Of course the same forces were at work to undermine that great effort which are now wreaking havoc on our Nation. Thankfully, until recent times, the inherent decency and moral certitude of Americans had not been sufficiently eroded to allow such a malignancy to prevail. Still, the era was not without its disinformation and controversy.
The single biggest instigator of discord over America’s Moon program was the Soviet Union. Having launched the first artificial satellite, Sputnik 1, into orbit in October of 1957, and having put a human being into orbit nearly a year before America was able to do so, the Soviets and their media propagandists (many of whom were already infiltrating American “news” organizations) gleefully trumpeted the “superiority” of collectivism for ostensibly advancing the human condition through technology. Yet Kennedy’s challenge, and America’s response to it, proved that a free society could indeed advance further and faster, when given the incentive to do so.

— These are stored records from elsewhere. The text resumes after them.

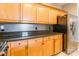 This kitchen features wooden cabinets, granite countertops, stainless refrigerator, and a tile backsplash at 14222 Richmond Park Ave, Charlotte, NC 28277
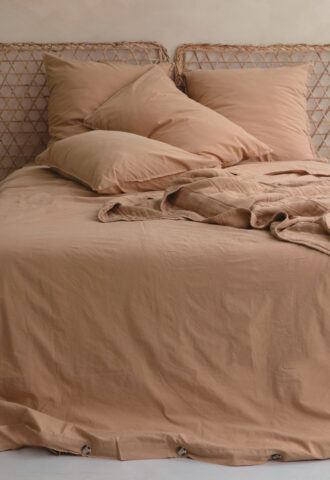 Lit avec couvre-lit beige et oreillers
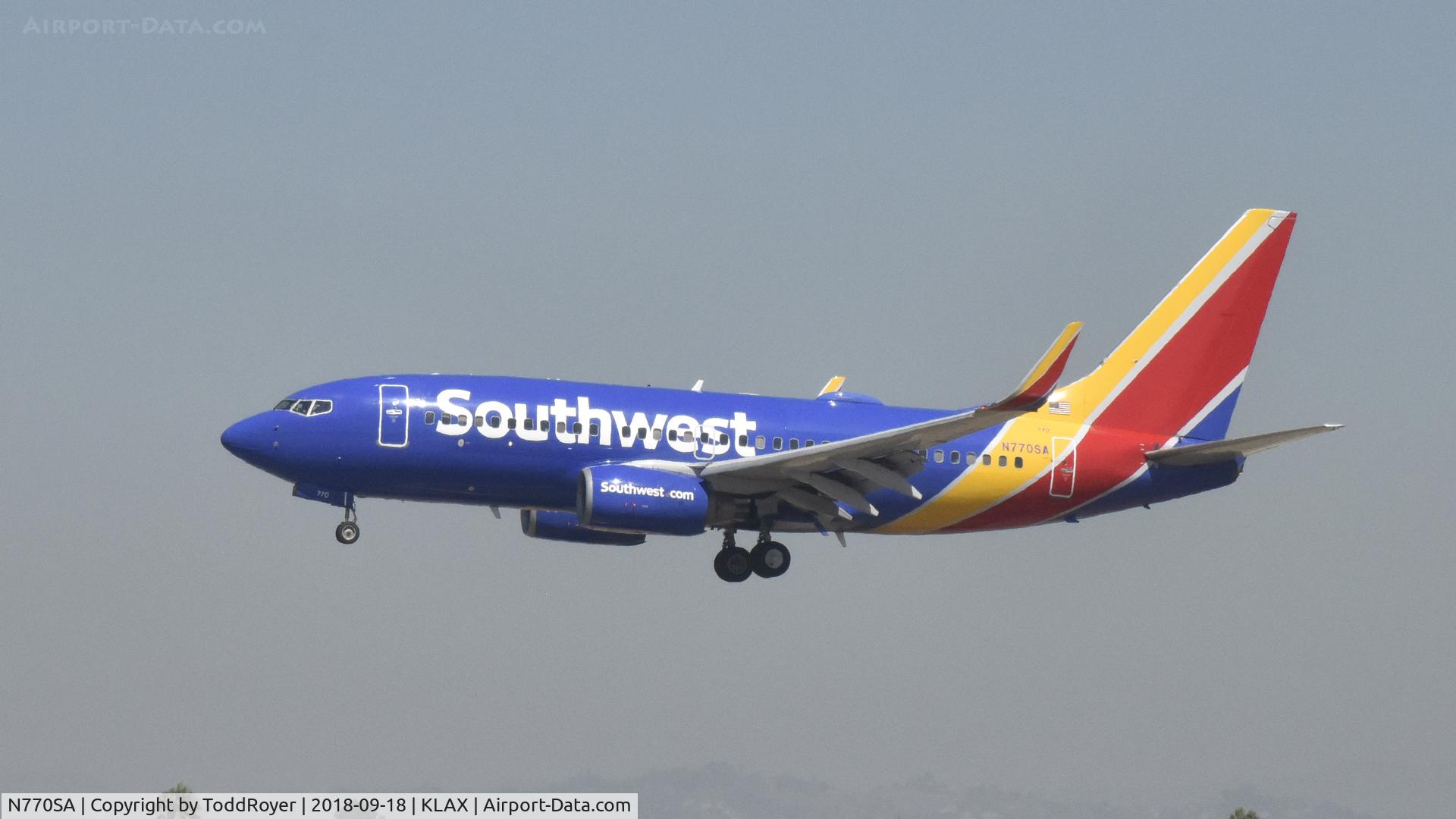 N770SA, 2000 Boeing 737-7H4 C/N 30589, Landing at LAX on 24R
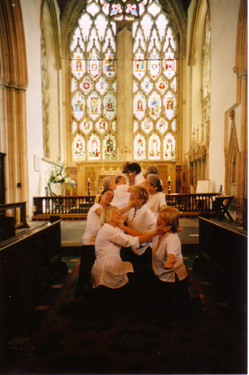 Dancers in pairs, cupping each others cheeks in their handshands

Not willing to simply accept defeat, the Soviets initiated a two pronged strategy, in hopes of demoralizing the Americans. First, upon realizing that their own efforts to beat us to the Moon were doomed, they attempted several unmanned missions by which they had hoped to land there and return a tiny sample of Moon rock back to Earth ahead of Apollo. At that point they would have claimed victory, with their dutiful minions happily echoing. Here again, their technology was simply not up to the task. So as those hopes faded, they unleashed their backup plan. Sadly, they had much greater success with this one, since it didn’t involve technology, but instead relied on their ability to spread propaganda among a sometimes gullible, sometimes willingly complicit leftist American press.
Suddenly, in the final months before the triumphal mission of Apollo 11, disparaging claims began to be leveled by Americans who not coincidentally happened to be Soviet sympathizers, to the effect that the money allocated to the Space Race was being misused. The narrative was that it could do “more good” if it was passed out in welfare and other social programs here on Earth. And not surprisingly, the “usual suspects” were happy to grandstand on that basis, ultimately carrying the water for the Soviets and other anti-Americans everywhere. By the time of Armstrong and Aldrin’s walk, the leftists had made enough noise to be able to claim the mission, a triumph of American engineering and American resolve, as “controversial.”
Since then, the overwhelming media silence on the event as a victorious milestone in the annals of our Nation has caused many to virtually forget all about it, while sadly allowing others of appallingly deficient scientific background to make absurd claims that it never happened. Like the Nazi Holocaust, those who actually beheld the Moon Program as it transpired are fewer in number with the passage of years. Eventually, not enough people will remain to bear personal witness to it, and if the powers that be want it to be forgotten or swallowed up in conspiracy theories, that will be its fate.
But American Patriots need not allow such a scenario to befall us just yet. Enough remember the struggle, the achievements, the failures, and ultimately the successes to celebrate that great moment for humanity, and for our Nation. On the front leg of that first lunar lander was a plaque which read “HERE MEN FROM THE PLANET EARTH FIRST SET FOOT UPON THE MOON, JULY, 1969 A.D. WE CAME IN PEACE FOR ALL MANKIND.” Americans should shun the critics and the skeptics, and once again fly our flags in commemoration and celebration, this July 20.